# Assignment 2: CRISP-DM Model with Titanic Dataset (max. 10 points)

Goal of this assignment is to apply **CRISP-DM** process model for given dataset of Titanic passengers.

* First you load **Titanic** dataset, and then extract more information from the dataset and visualize the results.
* Also, two basic machine learning classification models are implemented. 

You can find Titanic dataset from the *data/* subdirectory:
[Titanic dataset](data/titanic.csv).
Use this dataset in the Assignment 3.

### Add your information

In [1]:
# TODO: Replace with your name or names
student_name = 'student name/names'
student_email = 'student email/emails'

## 2.1: Business Understanding (max. 1 points)

In this phase, you should define your project goals and success criteria.

**Question**: Can you think what these could be for this assignment?

* **TODO**: Define project goals and success criteria.

## 2.2: Data Understanding (max. 3 points)

In the "Data Understanding" phase of this CRISP-DM project, you aim to get a grasp of your dataset and its characteristics.

What can you do in this phase?

1. Structure of dataset. Understand the dataset's structure like the number of features (columns), the data types of each feature, and the size of the dataset.
2. Summary statistics. Calculate summary statistics for numerical features, such as mean, median etc.
3. Missing values. Identify the missing values of the dataset.
4. Data visualization. Create data visualizations to gain insights of the data.
5. Outlier detection. Identify and examine potential outliers. You can use chart types like box plots or scatter plots to visualize outliers.

Complete these five tasks using Titanic dataset. Remember also to add Markdown cells to your Jupyter Notebook documents to explain.

Use also different styles in Markdown text: lists, figures, highlights, bold, italic, links, even direct quotes, etc.
It makes Jupyter Document easier to read and highlights the key points.

###  Structure of Dataset

Load Titanic dataset, and then show few lines of data and information of column types.

In [2]:
# TODO: Structure of dataset
#file_name = 'data/titanic.csv'

### Summary Statistics
Show basic summary and information of the dataset.

In [3]:
# TODO: Summary statistics

### Missing Values
Calculate missing values in the dataset.

Count NaN values in each column.

In [4]:
# TODO: Missing values

### Visualization

Visualize survivors, passenger ages, survival rate etc. Then try to find different ways to visualize data.

Ideas what to visualize:
* the count of survivors.
* the distribution of passenger ages.
* the survival rate by passenger class.
* the survival rate by gender.
* the survival rate by passenger class and gender.
* more visualization ideas from you?

In [5]:
# TODO: Visualization

### Outlier Detection
One important step for the quality of the data is to implement **Outlier Detection**.

How to detect outliers?

* You can detect outliers using **visual inspection** of the dataset by creating scatter plots, histograms, box plots etc.
* You can use statistical methods like **Z-Score** or **IQR**.

**Z-Score**: Calculate the z-score for each data point. If the z-score is significantly different from zero (> 2 or < -2), it may be an outlier.

Using the **IQR**, the outlier data points are the ones falling below Q1 – 1.5 IQR or above Q3 + 1.5 IQR.
The Q1 is the 25th percentile, and Q3 is the 75th percentile of the dataset, and IQR represents the _interquartile_ range calculated by _(Q3–Q1)_.

In [6]:
# TODO: Outlier detection

## 2.3: Data Preprocessing (max. 3 points)
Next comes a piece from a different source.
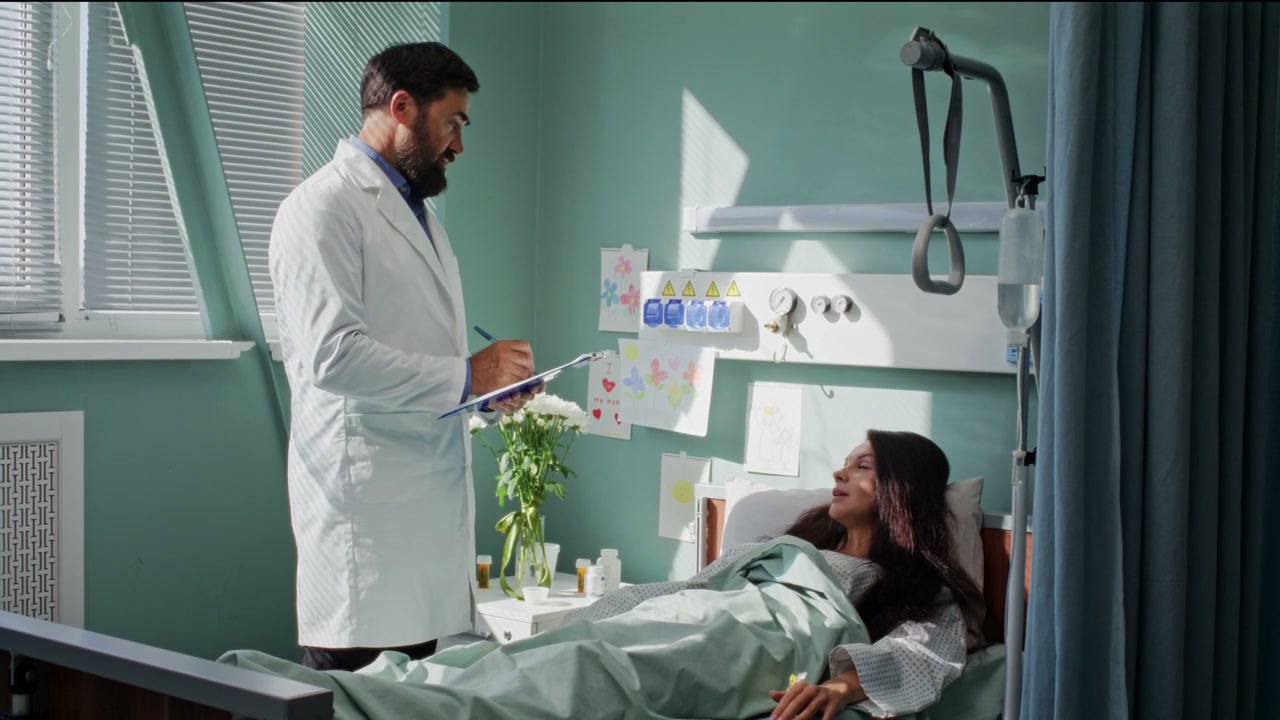 Doctor Consulting Patient in Hospital Room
Data preprocessing is an important step to ensure your dataset is ready for machine learning phase.
Here are your most important tasks for data preprocessing phase with the Titanic dataset.
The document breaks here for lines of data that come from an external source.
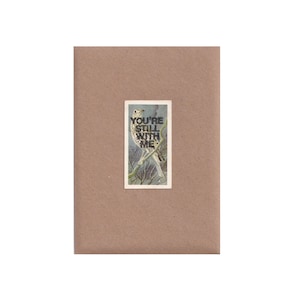 May include: A greeting card featuring a rectangular illustration of a bird on a branch, with the text "YOU'RE STILL WITH ME" in white. The card is set against a brown background.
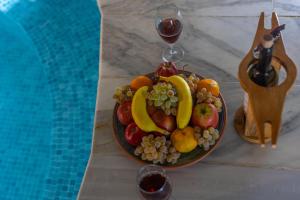 a plate of fruit on a table next to a pool at Belenus Cave House in Ürgüp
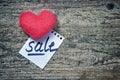 Pink wool toy heart lying with a notepad sheet with a word sale written on it on a wooden desk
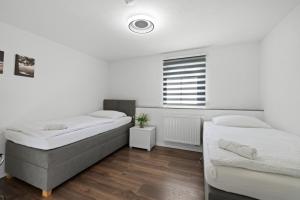 1 dormitorio con 2 camas y ventana en ADN Suites - NETFLIX - modern and smart, en Günzburg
1. Handling missing values. You should decide how to handle missing values.
2. Feature engineering. You can create new features or transform existing ones. With this dataset, you can extract titles from passenger names, create a family size feature, have a passenger a cabin or not, or categorize age and fare into groups.
3. Visualization. Do visualization with new features. Also recalculate statistics after data is preprocessed.
4. Categorical variable encoding. You need to encode categorical variables for a machine learning model. Select method from one-hot encoding, label encoding or ordinal encoding.
5. Feature scaling. Scaling features, such as age or fare. Select standardization or min-max scaling method for scaling.

### Handling Missing Values
NaN (and Inf) values are problems for ML models.

In [7]:
# TODO: Handling missing values

### Feature Engineering

You can create new features or transform existing ones.
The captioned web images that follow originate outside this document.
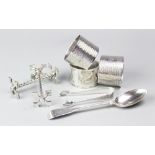 A selection of small silver to include; a pair of engine turned initialled napkin rings,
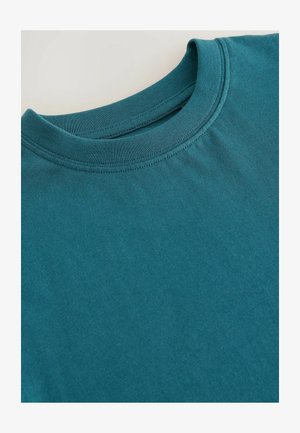 Camiseta de algodón color teal con cuello redondo. Textura suave y mangas cortas, con dobladillo cosido y sin gráficos ni patrones visibles.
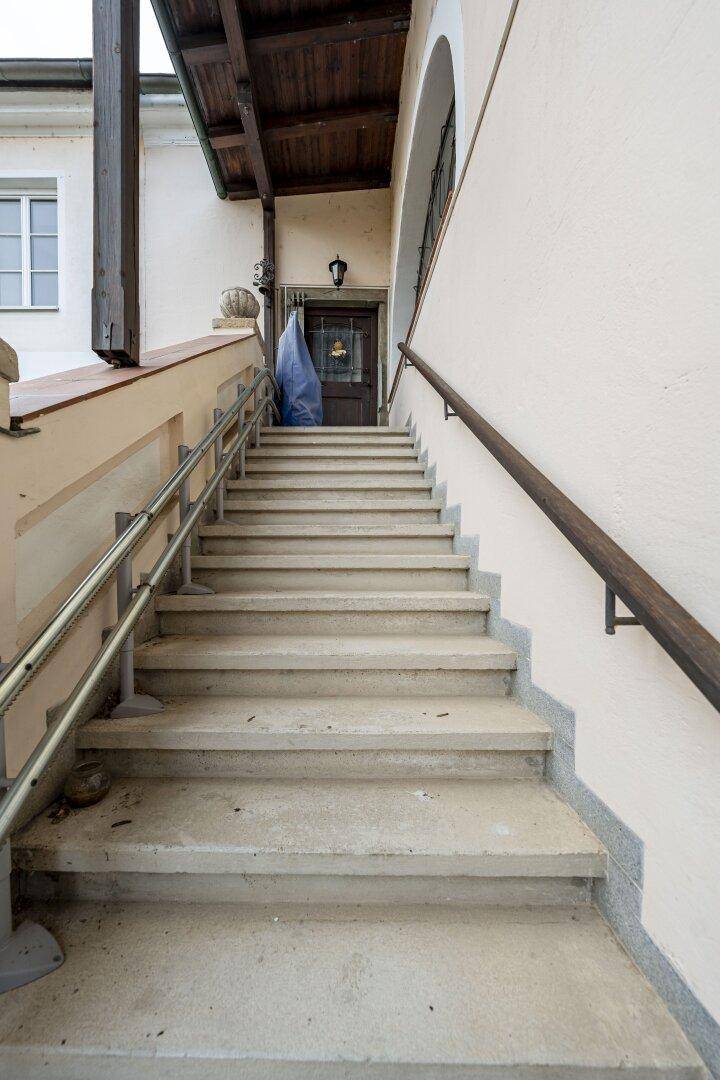 Außentreppe mit Handläufen, die zum Eingang des Gebäudes führt.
Some ideas what new features/columns to create:
* Create a new feature `HasCabin` (has a cabin or not).
* Create a new feature `HasEmbarked` (has an embarkation port or not).
* Extract `ticketNumber` and ``ticketPrefix`` features of tickets.
* Create a new feature `FamilySize`.
* Create a new feature `Deck` from `Cabin` column.
* Extract a new feature `title` from the `Name`.
* More ideas from you.

Extra Question: Are there any passengers who share the same ticket number?

In [8]:
# TODO: Feature engineering

### Visualize New Features

Do visualization with selected new features.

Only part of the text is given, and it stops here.